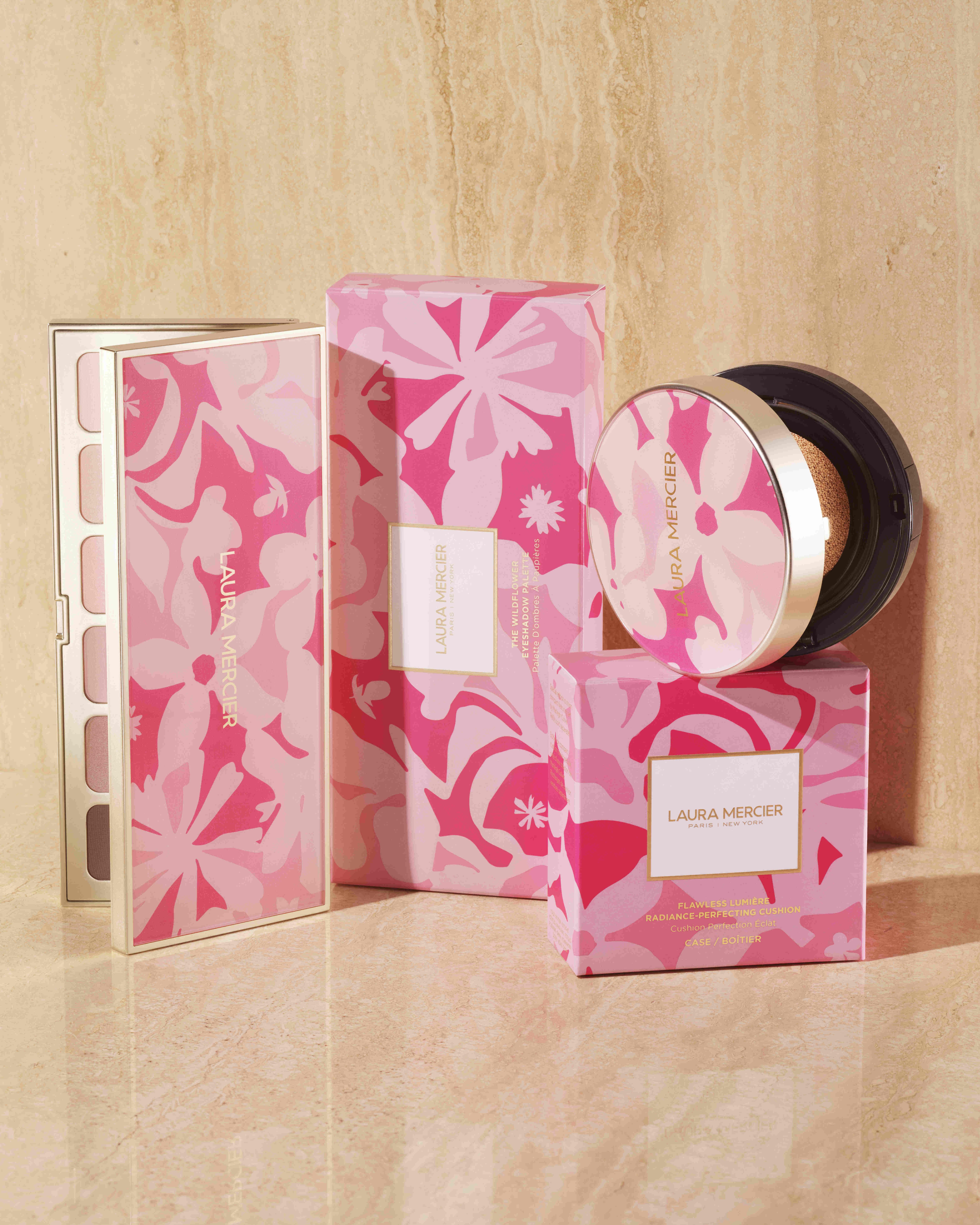 花漾柔粉極致持久鑽光氣墊粉底 SPF 50 UVA/UVB PA+++ $450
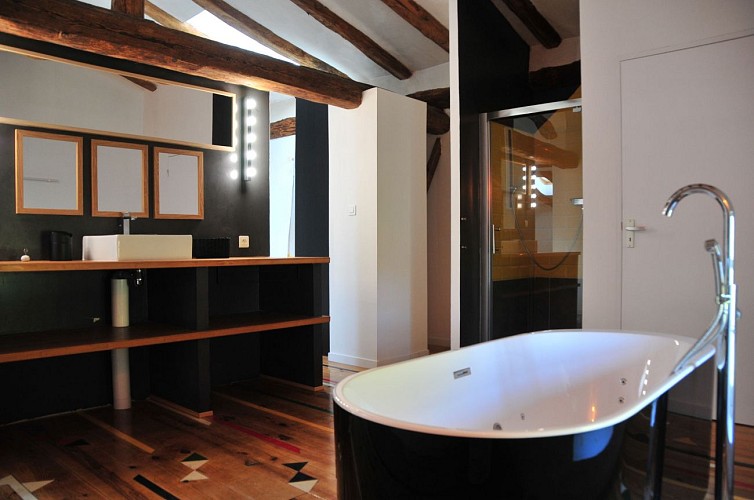 Gîte L'Oranger - L'Orangerie de Cardet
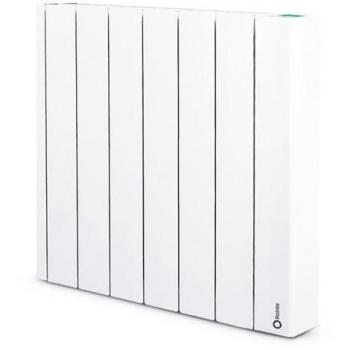 Rointe Belice BRN0660RAD Emisor Térmico Eléctrico con WiFi, 660W, Blanco, 6 Elementos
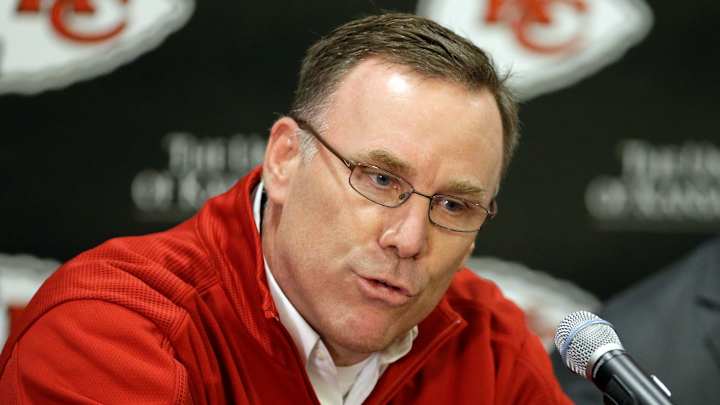 Chiefs could be movers with 10 picks in upcoming draft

> [Exercise directions]: Your reply should consist solely of the lines from the line containing "Gîte L'Oranger - L'Orangerie de Cardet" through the last line of the listing, unchanged and free of pictures.

> [Exercise answer]:
 Gîte L'Oranger - L'Orangerie de Cardet
 Rointe Belice BRN0660RAD Emisor Térmico Eléctrico con WiFi, 660W, Blanco, 6 Elementos
 Chiefs could be movers with 10 picks in upcoming draft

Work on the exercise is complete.